Indonesia dan juga Masa Depan AI: SDM, Infrastruktur, serta Regulasi Jadi Kunci Utama

JAKARTA – Di sedang pusaran gelombang disrupsi teknologi, Kecerdasan Artifisial (AI) muncul sebagai kekuatan dahsyat yang digunakan siap mengubah lanskap ekonomi global. Indonesia, dengan prospek besarnya, tak ingin ketinggalan di memanfaatkan peluang revolusioner ini.
Pertanyaannya, mampukah kedaulatan Kecerdasan Buatan menjadi kunci untuk memberdayakan bangsa serta menggalakkan peningkatan ekonomi?
Menurut data Oliver Wyman 2023, Indonesia berada pada garda depan adopsi Teknologi AI di area Asia Tenggara, dengan lebih tinggi dari 80% perusahaan sudah pernah mulai berinvestasi atau menggunakan Kecerdasan Buatan pada operasional mereka.
Namun, ironisnya, hanya sekali 13% bidang usaha yang tersebut mencapai tahap adopsi Teknologi AI advanced. Hal ini sinyal jelas bahwa Indonesia miliki peluang besar yang mana belum sepenuhnya tergarap.
Prediksi dari McKinsey Global Institute (2023) juga PwC menunjukkan bahwa Teknologi AI dapat berkontribusi hingga USD13 triliun-USD15,7 triliun terhadap ekonomi dunia pada 2030.
Angka-angka ini tidak sekadar statistik, melainkan cerminan dari kemungkinan mengubah Kecerdasan Buatan yang mana dapat meningkatkan Ekonomi Nasional global rata-rata 1,2% per tahun.

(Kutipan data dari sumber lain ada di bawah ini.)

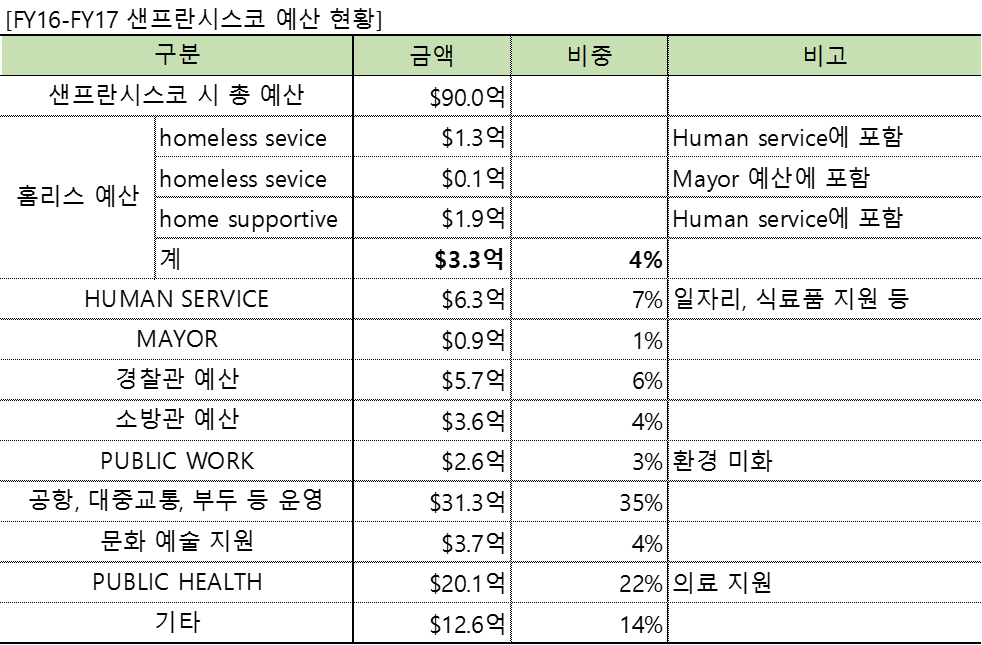 샌프란시 예산.png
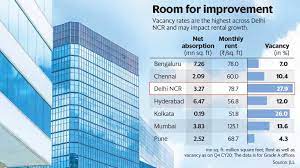 Check spelling or type a new query. Is It A Good Time To Invest In The Commercial Real Estate Sector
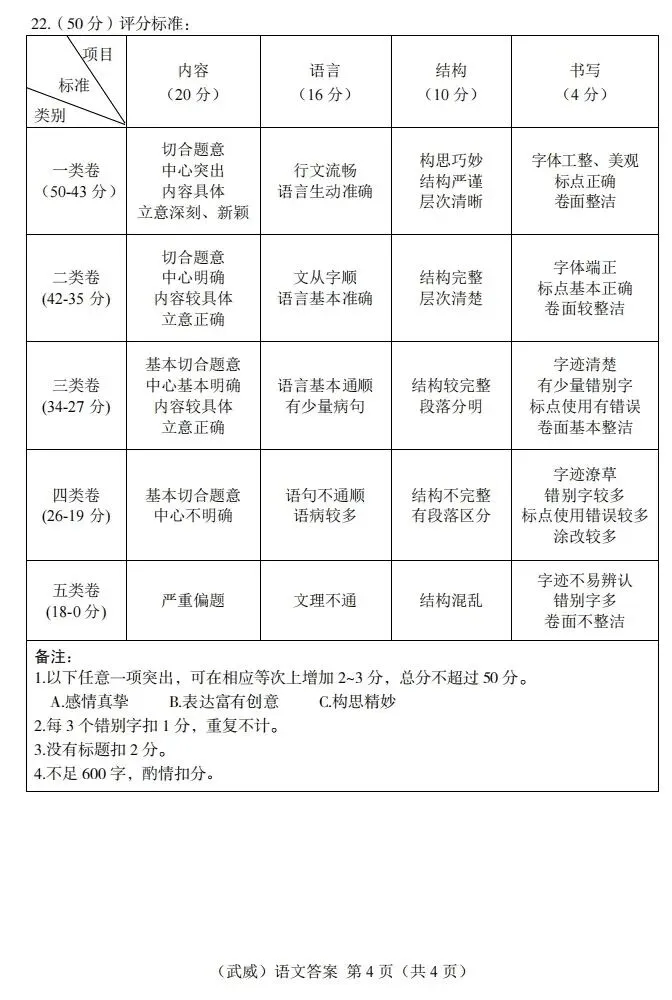 2026年中考学业水平考试语文试卷及答案-第12张图片-四季读书网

World Economic Diskusi (WEF) serta Bank Bumi pun menyoroti peran krusial Artificial Intelligence pada mengupayakan pertumbuhan kegiatan ekonomi kemudian menciptakan lapangan kerja baru, juga menghurangi kesenjangan digital dalam negara berkembang.
Kedaulatan AI: Fondasi Kekuatan Digital Indonesia
Adrian Lesmono, Country Consumer Business Lead NVIDIA, menegaskan bahwa kedaulatan Kecerdasan Buatan tidak lagi wacana, melainkan fondasi kedaulatan digital Indonesia. Kontrol penuh melawan data, efisiensi, kemudian akselerasi digital adalah kunci untuk mewujudkan visi ini.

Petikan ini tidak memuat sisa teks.